[[ The data open ]]

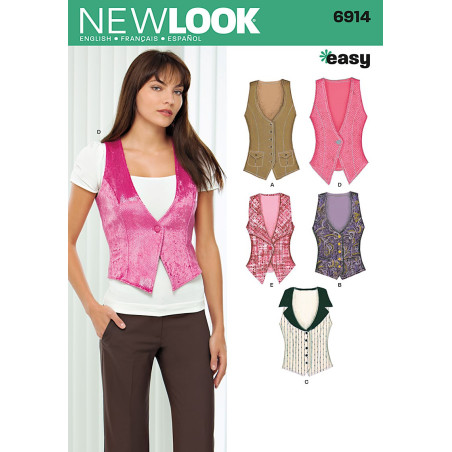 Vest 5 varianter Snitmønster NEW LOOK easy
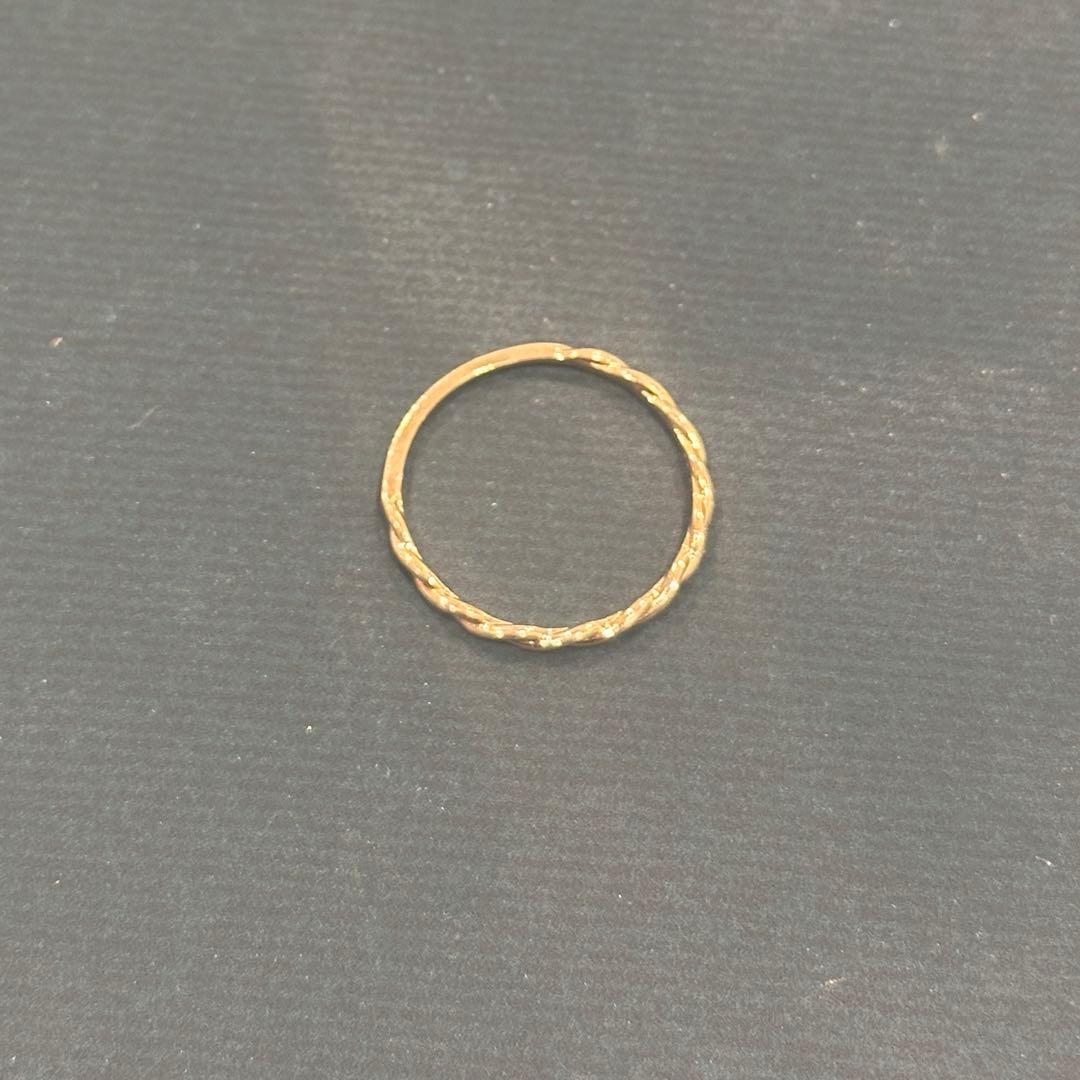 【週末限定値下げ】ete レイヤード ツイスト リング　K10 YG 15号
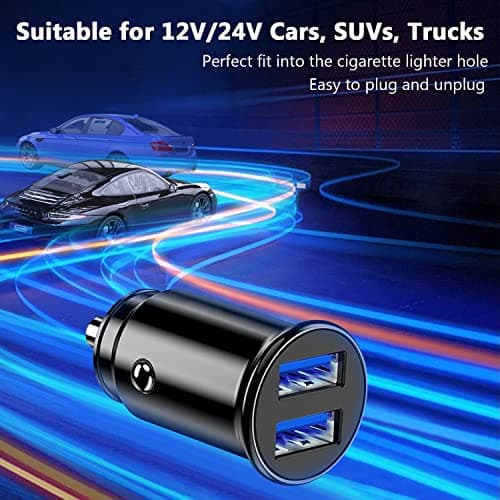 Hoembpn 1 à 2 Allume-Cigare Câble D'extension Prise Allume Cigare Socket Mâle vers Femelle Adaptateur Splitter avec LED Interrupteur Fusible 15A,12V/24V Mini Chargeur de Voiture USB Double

[[ The data closed ]]
[[ The data open ]]

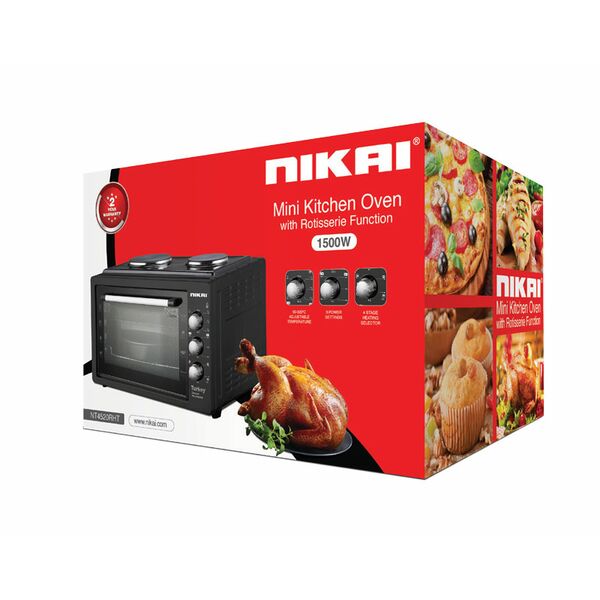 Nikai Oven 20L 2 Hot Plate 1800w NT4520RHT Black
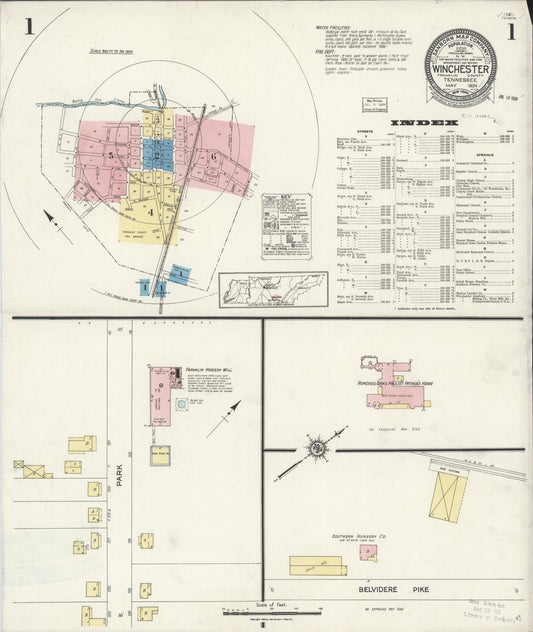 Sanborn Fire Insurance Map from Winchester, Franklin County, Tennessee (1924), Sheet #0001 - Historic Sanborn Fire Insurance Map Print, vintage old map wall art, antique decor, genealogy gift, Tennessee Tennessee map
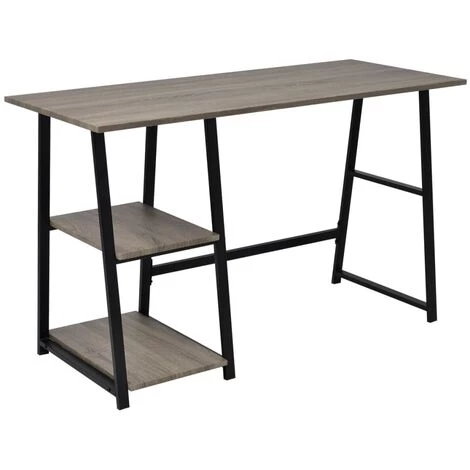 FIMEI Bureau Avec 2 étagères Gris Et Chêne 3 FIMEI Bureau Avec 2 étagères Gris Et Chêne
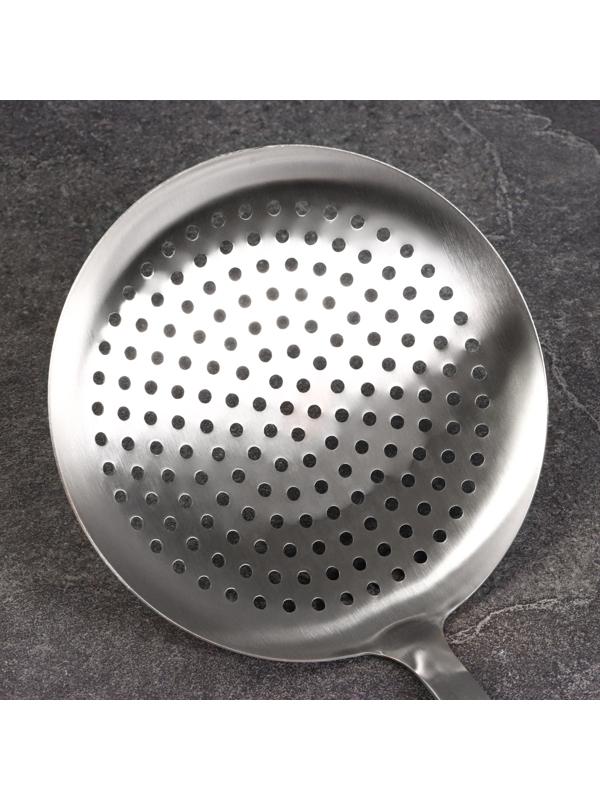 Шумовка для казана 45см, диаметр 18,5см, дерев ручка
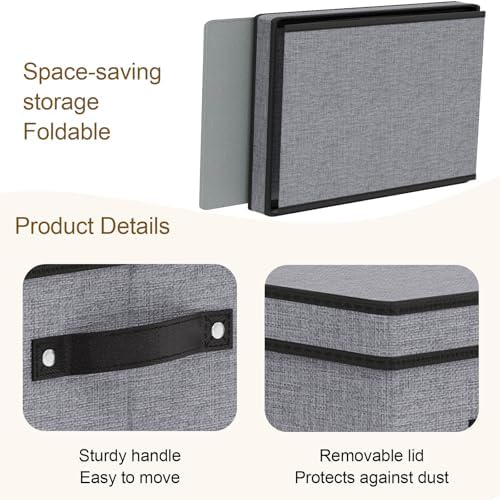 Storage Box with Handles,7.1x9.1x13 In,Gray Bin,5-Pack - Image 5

[[ The data closed ]]

**Task**
Both the line containing "Sanborn Fire Insurance Map from" and the line containing "Storage Box with" above belong in the output, as do the lines between them. Print them exactly, without pictures.

**Solution for this task**
 Sanborn Fire Insurance Map from Winchester, Franklin County, Tennessee (1924), Sheet #0001 - Historic Sanborn Fire Insurance Map Print, vintage old map wall art, antique decor, genealogy gift, Tennessee Tennessee map
 FIMEI Bureau Avec 2 étagères Gris Et Chêne 3 FIMEI Bureau Avec 2 étagères Gris Et Chêne
 Шумовка для казана 45см, диаметр 18,5см, дерев ручка
 Storage Box with Handles,7.1x9.1x13 In,Gray Bin,5-Pack - Image 5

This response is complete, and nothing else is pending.